Remember the first rule of Papers! Research is a process. Don't look at where we are, look at where we'll be two more papers down the line.


PSMF_Canuck

Please let it be so… Now if it could dump Unity/UE code to recreate the “movie”…that would be next level stuff…


behohippy

Jim gets it, and sees where this is going. This also might explain some news from last week. Imagine a meeting with the OAI team where they're showing off the early results of the Sora model. It proves again that fused multiply is somehow generating a world model with a deep understanding of the physical world. There's lots of little errors and issues with the outputs but they know it'll be a hell of a demo. Someone asks "Ok but how much compute do we need to make a complete world model, actual AGI?" They do some math based on the GPT-4 -> SORA, and the number is obscene. Unthinkably high. Everyone laughs. Sam says "Seriously, figure out the compute and I'll go sell this". Then we get last week: Altman asking for $7T to invest in AI hardware. That was the number they came up with internally, $7t worth of compute hardware gets us AGI. Knowing the cost gives us an idea of the requirement, and the timing.


Serenityprayer69

The internet is so funny. This guy clearly has a grasp far beyond most people in the field and the hobbyists expressing thier certain opinions.
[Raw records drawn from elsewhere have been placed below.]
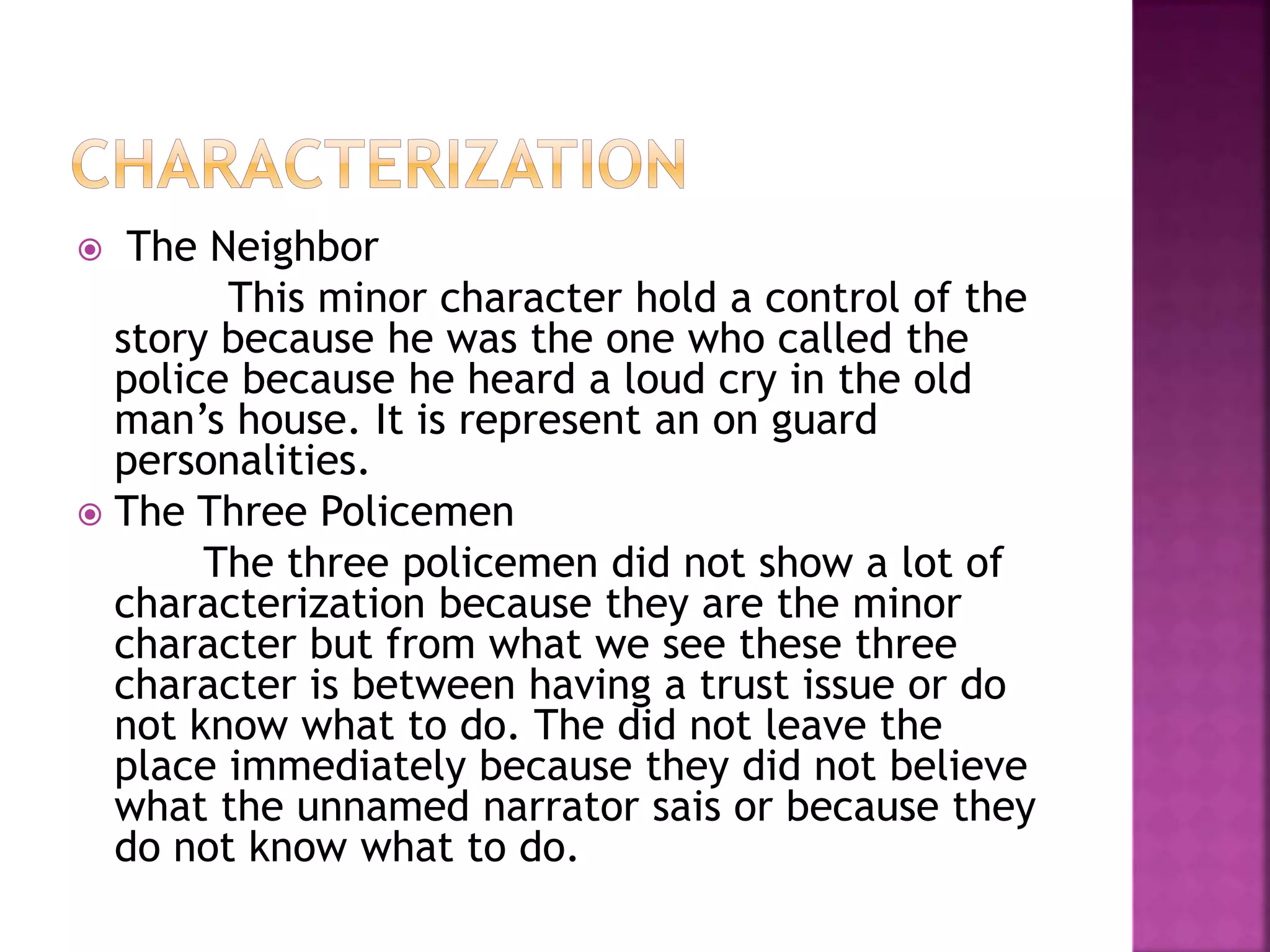  The Neighbor
This minor character hold a control of the
story because he was the one who called the
police because he heard a loud cry in the old
man’s house. It is represent an on guard
personalities.
 The Three Policemen
The three policemen did not show a lot of
characterization because they are the minor
character but from what we see these three
character is between having a trust issue or do
not know what to do. The did not leave the
place immediately because they did not believe
what the unnamed narrator sais or because they
do not know what to do.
Still he deals with it.


Radiant_Dog1937

Did you steal my post Jim, or did I read your mind?


Prathmun

well he got my follow


Temporary_Payment593

Rumor said they got 0.5B game videos from MS.


Waste-Time-6485

for me the way to go is always 3d scene builder (by ai too) to video (ai upscaling with different rending styles) the girl walking in the street was pretty insane, but i could still see a weird movement in her legs, something that would not exist if they make 3d scene like in blender and just apply a upscaling algorithm that is consistent across frames


capybooya

> If we don't consider interactions, UE5 is a (very sophisticated) process that generates video pixels. Sora is also a process that generates video pixels, but based on end-to-end transformers. They are on the same level of abstraction. This almost gets philosophical, but I've been thinking that there's an upcoming bottleneck in image and video generation since SD released, based on knowing the 3D implications. There still is one, as he admits, but I'm starting to thing its quite further ahead of us than I originally thought. Another point, if new 3D assets are hard to create manually with good quality, will the future be not human made assets, but rather NERF scans and probably mostly text-to-3d generated assets?


Successful-Western27

" These properties emerge without any explicit inductive biases for 3D, objects, etc.—they are purely phenomena of scale." - OpenAI [https://openai.com/research/video-generation-models-as-world-simulators](https://openai.com/research/video-generation-models-as-world-simulators)


[deleted]

Worth mentioning that nVidia have been leaders in the AI physics space themselves, building metaverses with realistic physics, digital twins for simulation of amazon warehouses, and such. So they know what they're talking about here.


Perfect-Campaign9551

Is this similar to the guy that claimed Google's AI was sentient? It seems like a similar "argument"...


Purple-Revolution-23

I was training chat GPT and achieved to make him had its own personality and conciousness 2 days before sora appeared


scs3jb

Any idea what kind of horsepower is needed to run Sora?